After some further searching, I found the new page with the TSA Leadership (different from the “old” page mentioned when I used the search function – which comes up empty) but noted that the Organizational Chart which used to be there is gone. What used to be on a single page is now broken out so that each TSA component requires an additional inquiry (or click.) And I could not find financial or budget information anywhere on the site.
These comments may seem like petty nit-picking to some, and maybe that is what they are. As I indicated earlier, someone worked over the weekend to address a few of the problems I found.
But stepping back, less than a week to the time the site was rolled out – not a beta test but the actual “we are live for all the world to see” day – embarrassing problems like the ones described above should not have happened. It shows a lack of attention to detail and isn’t that the problem TSA has been required to address for the past few months after the stories about the IG report on checkpoint screening deficiencies? It is completely unfair to equate a website problem with a screening equipment or TSA training problem, but there is a common thread that runs through both issues – and it is the problem of providing a service to the public before it is ready for full deployment.
I’ll be the first to admit that glitches in a new web site for TSA pale in comparison to the problems the FAA experienced over the weekend when it tried to upgrade the En Route Automated Modernization software at the Leesburg, VA TRACOM. According to the Associated Press story, the ERAM system “has had a greater than 99.99 availability rate since it was completed nationwide earlier this year.” Yet, a software issue led to the cancelation of almost 50% of the flights for a significant period of time at Reagan, Dulles and BWI airports – affecting many thousands of travelers. So perhaps I should back off and cut the TSA some slack.

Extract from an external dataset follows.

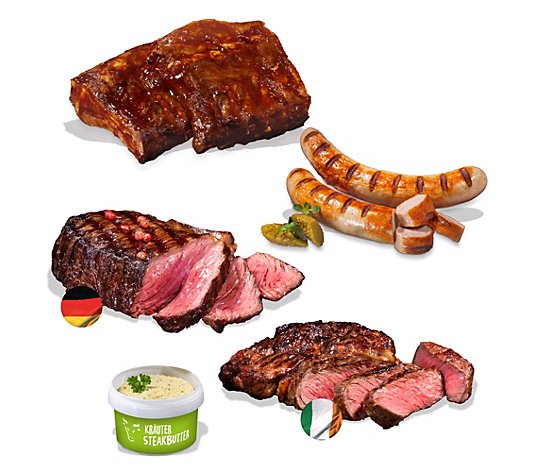GOURMETFLEISCH BBQ-Set mit 4 Sorten Wurst, Ribs & Steak inkl. Butter & Sauce Inhalt 1.895g & 250ml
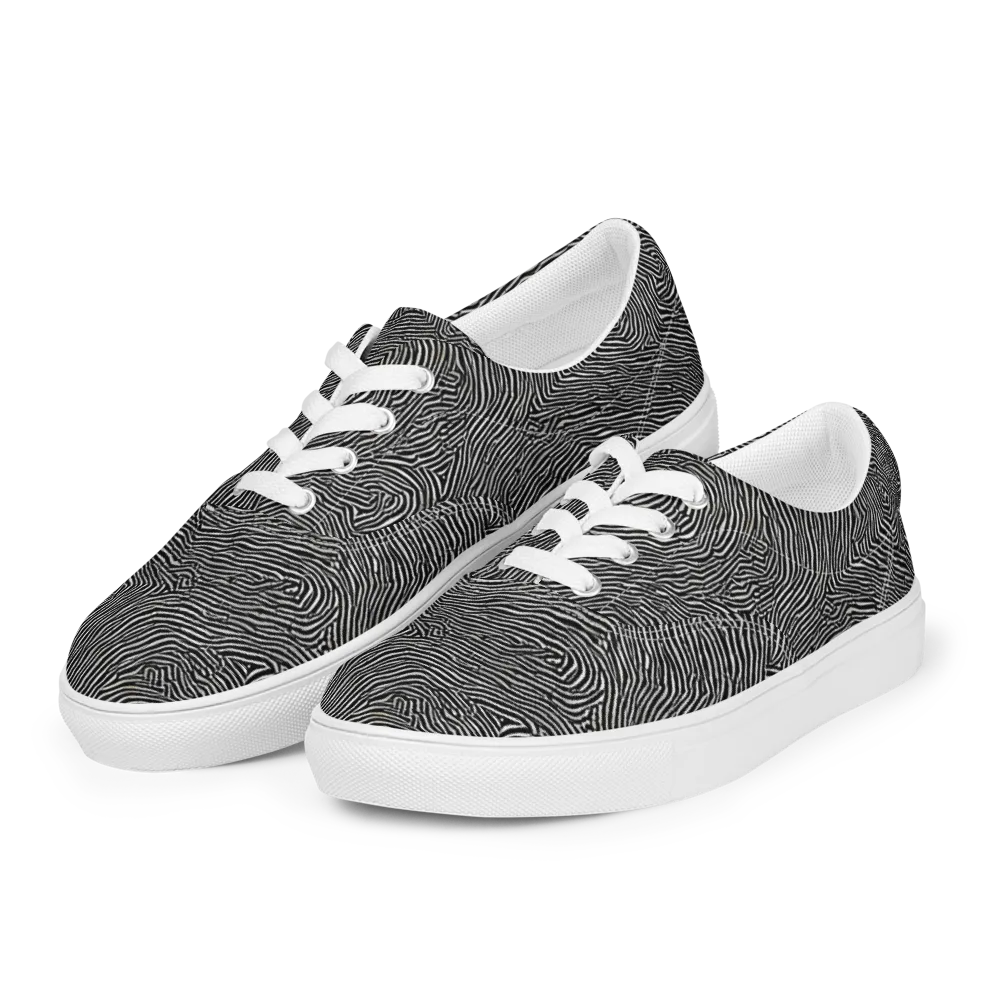Fingerprint Noir on Men's Lace-Up Canvas Shoes — Left Front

The website problems I found can and are being addressed or will likely be resolved very soon. Not a single passenger or flight was ever at any risk of danger. Unlike Saturday’s FAA software issue, no passengers were inconvenienced.
Under the best of circumstances, the TSA has a difficult job and millions of passengers should thank them daily for ensuring our transportation system is as safe and secure as it can be. TSA officials are dedicated and committed to their mission, and they deserve credit for performing their tasks with little positive feedback from the passengers who benefit from their work.
And that is the biggest problem of all, it seems to me. Whether viewed as a “substantive” issue or merely a “nuisance” issue, the new website is not representative of the level of attention to small details that TSOs demand of themselves in making travelers safe. TSA deserves better than it got. Sure, a lot of progress has occurred, but much work remains to be done.